The six artworks included in the iteration Soft Jelly focus on the human and non-human body in motion. Each piece was chosen to examine how the collaboration between the sculpture’s generative algorithm and audience input would alter a figure's direction, placement, and composition, seeking to understand the evolving relationship among body, audience, and AI throughout the duration of Diffuse Control at LACMA.

Some works, once rendered in Diffuse Control, dissolve into abstract compositions, like Edvard Munch's green and teal woodcut Head to Head (1905), which starts as a pair of heads nuzzled into one another that transform into a swirling scene of shapes, lines, and colors, losing any trace of its original figural components. Unlike Munch’s work, the black-and-white horses in Eadweard Muybridge’s collotype Animal Locomotion (1886, printed 1887) still retain most of their equine form, giving the once-stagnant animals actual movement.
The first work in the iteration, Thomas Eakin’s oil painting The Wrestlers (1899), on the other hand, becomes considerably more monstrous compared to the other pieces, as the already entangled, pale-skinned wrestlers are further infused by the AI algorithm, even combining with the background characters, essentially creating an expanding, digital blob of flesh. One can make out limbs, hands, and heads, but not who they belong to.

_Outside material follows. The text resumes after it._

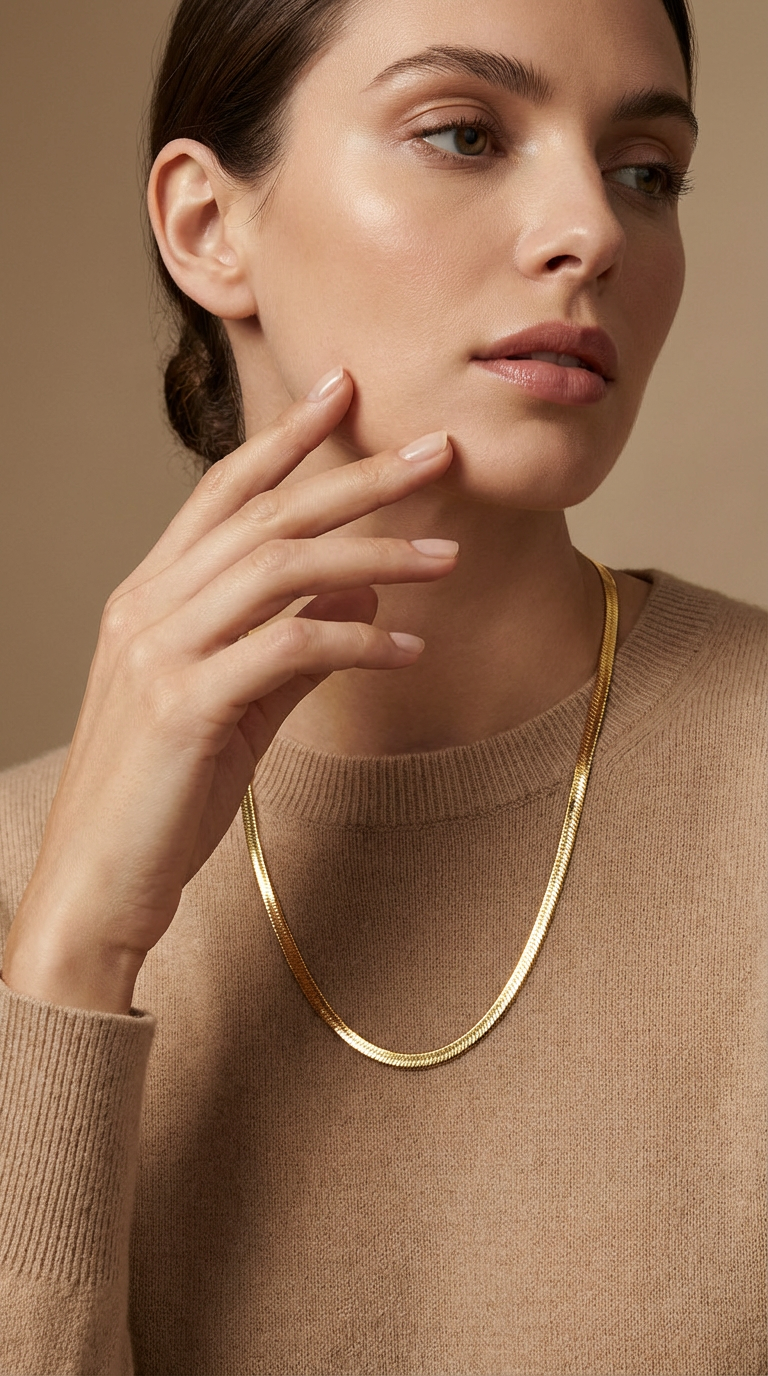 Serena Herringbone Chain Necklace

The grotesque malleability of the figures once in the generative AI system directly inspired the iteration’s title, Soft Jelly. The name alludes to the ending of Harlan Ellison’s seminal 1967 science fiction short story “I Have No Mouth and I Must Scream,” in which Ted, the last human on earth, is transformed into a sentient and mute “soft jelly” creature for eternity by the antagonist of the story, an all-powerful, evil supercomputer named AM, as a punishment for the deaths of his other prisoners. In the very last page of the story Ted reflects internally on his wretched state unable to vocalize his anguish: “Rubbery appendages that were once my arms; bulks rounding down into legless humps of soft slippery matter.” The six works in this iteration, too, become a “soft slippery matter,” blending into each other and forming a single, gooey, pliable entity ready to be molded by the museum visitor.